• **Exercise requirements**: Write out exactly, please, every line from the beginning of the entries to the line holding "GIRL WEARING HAT", and no pictures.

[Data extracted from a collection]
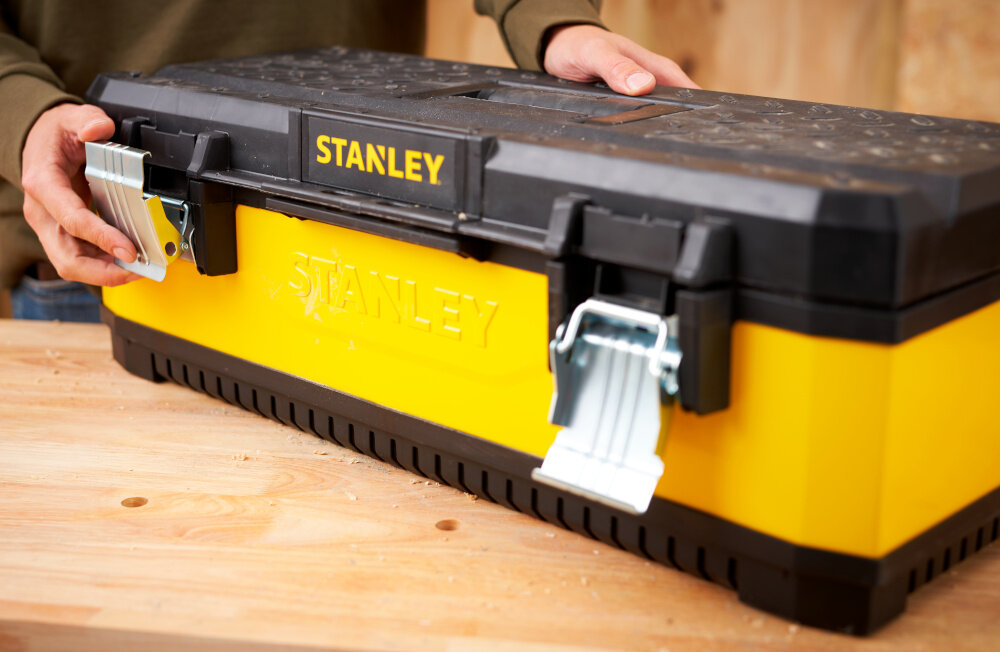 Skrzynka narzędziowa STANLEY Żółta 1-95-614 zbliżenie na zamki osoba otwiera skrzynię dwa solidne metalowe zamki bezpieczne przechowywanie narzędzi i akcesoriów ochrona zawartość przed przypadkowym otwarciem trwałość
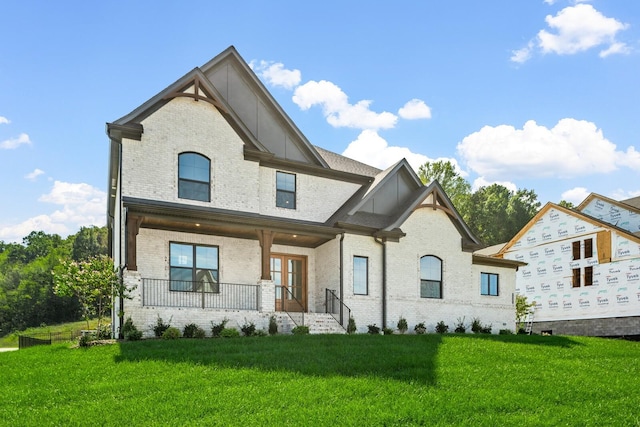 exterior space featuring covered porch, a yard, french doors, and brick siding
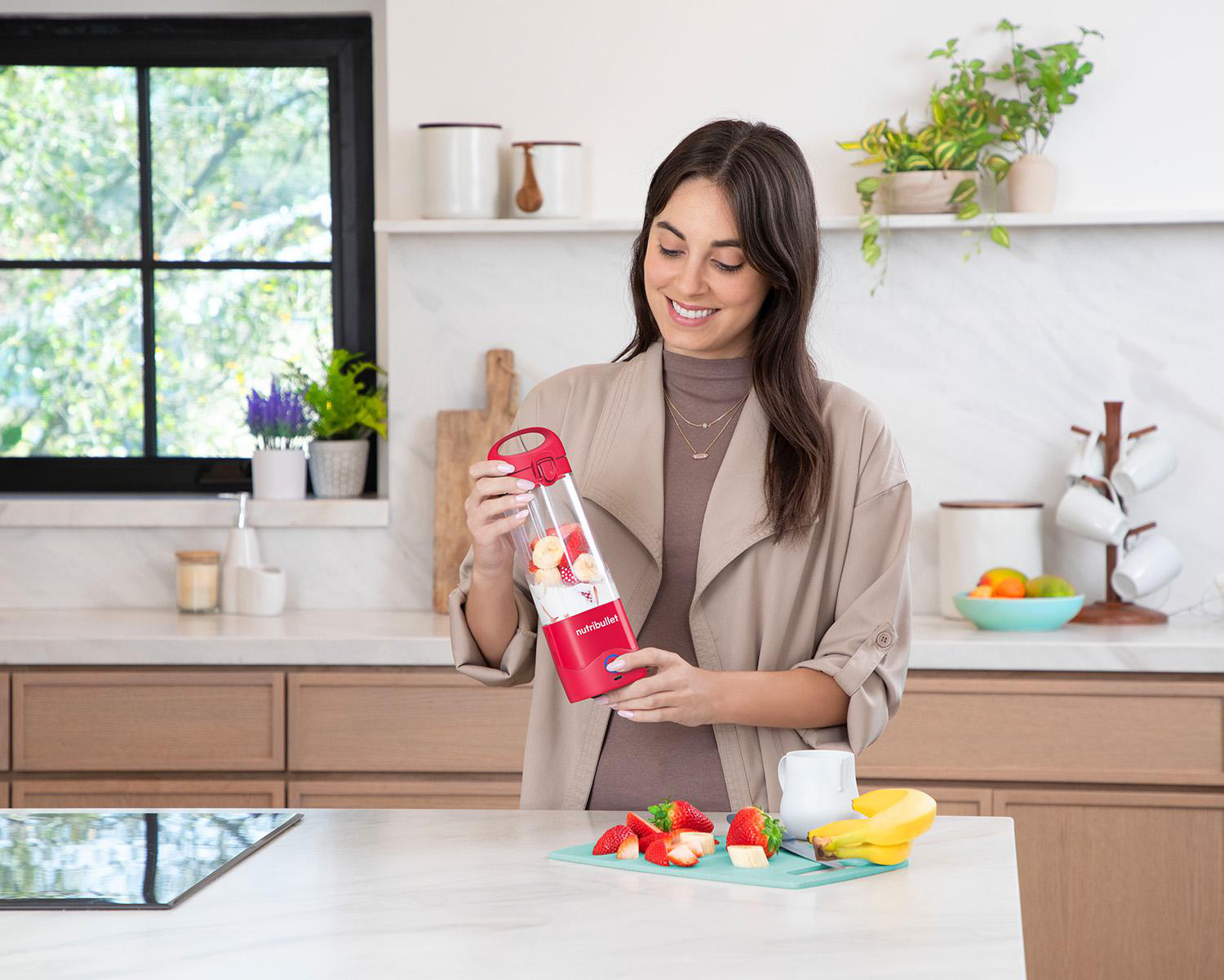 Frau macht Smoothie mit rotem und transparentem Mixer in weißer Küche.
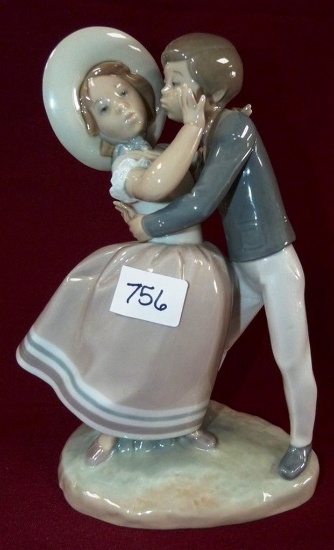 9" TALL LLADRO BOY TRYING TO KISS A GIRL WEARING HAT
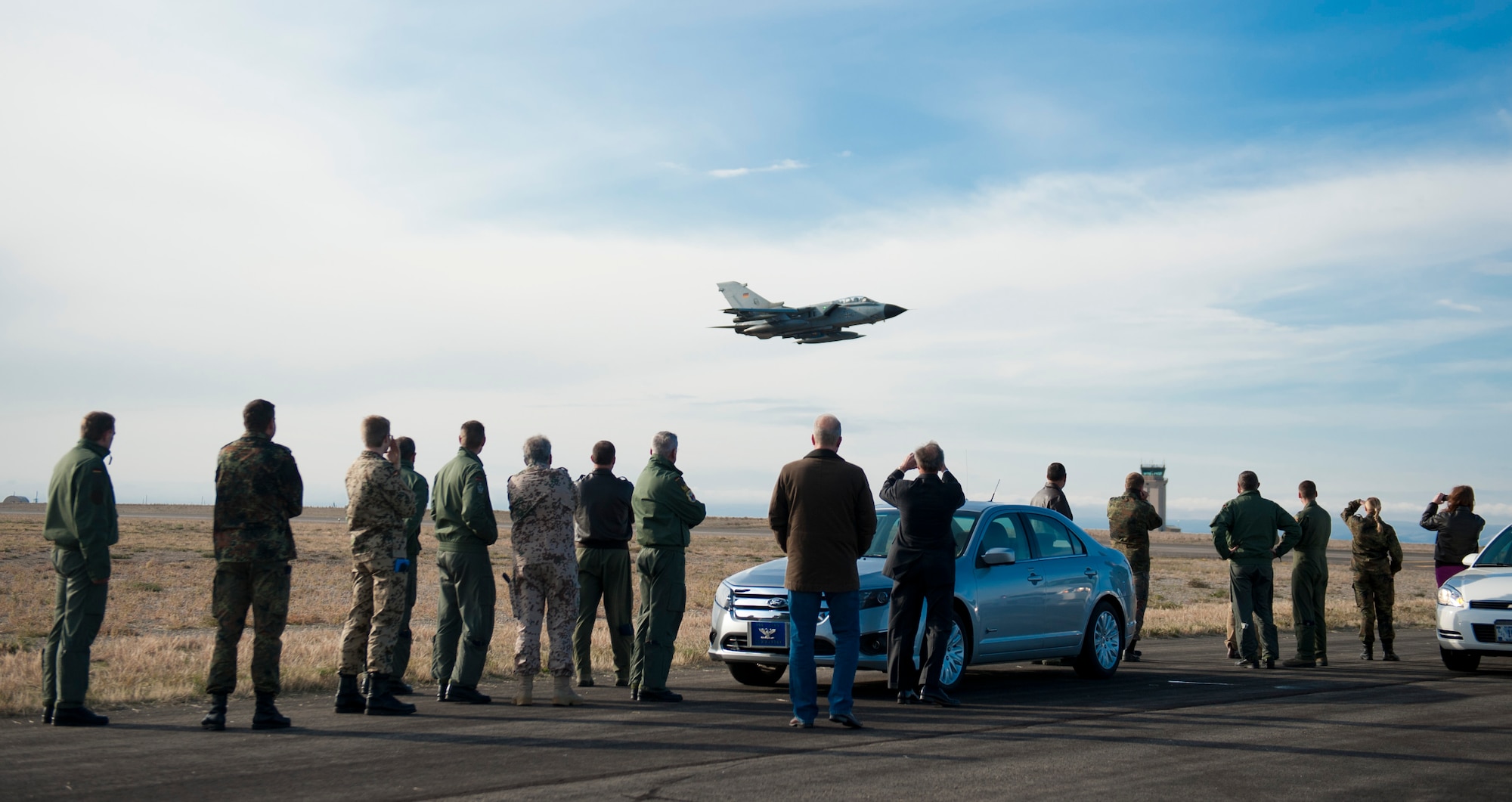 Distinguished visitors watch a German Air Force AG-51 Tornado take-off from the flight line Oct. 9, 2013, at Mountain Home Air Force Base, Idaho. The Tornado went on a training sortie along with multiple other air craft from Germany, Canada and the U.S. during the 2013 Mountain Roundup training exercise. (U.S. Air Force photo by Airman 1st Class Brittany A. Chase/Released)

• **Completed exercise**:
 Skrzynka narzędziowa STANLEY Żółta 1-95-614 zbliżenie na zamki osoba otwiera skrzynię dwa solidne metalowe zamki bezpieczne przechowywanie narzędzi i akcesoriów ochrona zawartość przed przypadkowym otwarciem trwałość
 exterior space featuring covered porch, a yard, french doors, and brick siding
 Frau macht Smoothie mit rotem und transparentem Mixer in weißer Küche.
 9" TALL LLADRO BOY TRYING TO KISS A GIRL WEARING HAT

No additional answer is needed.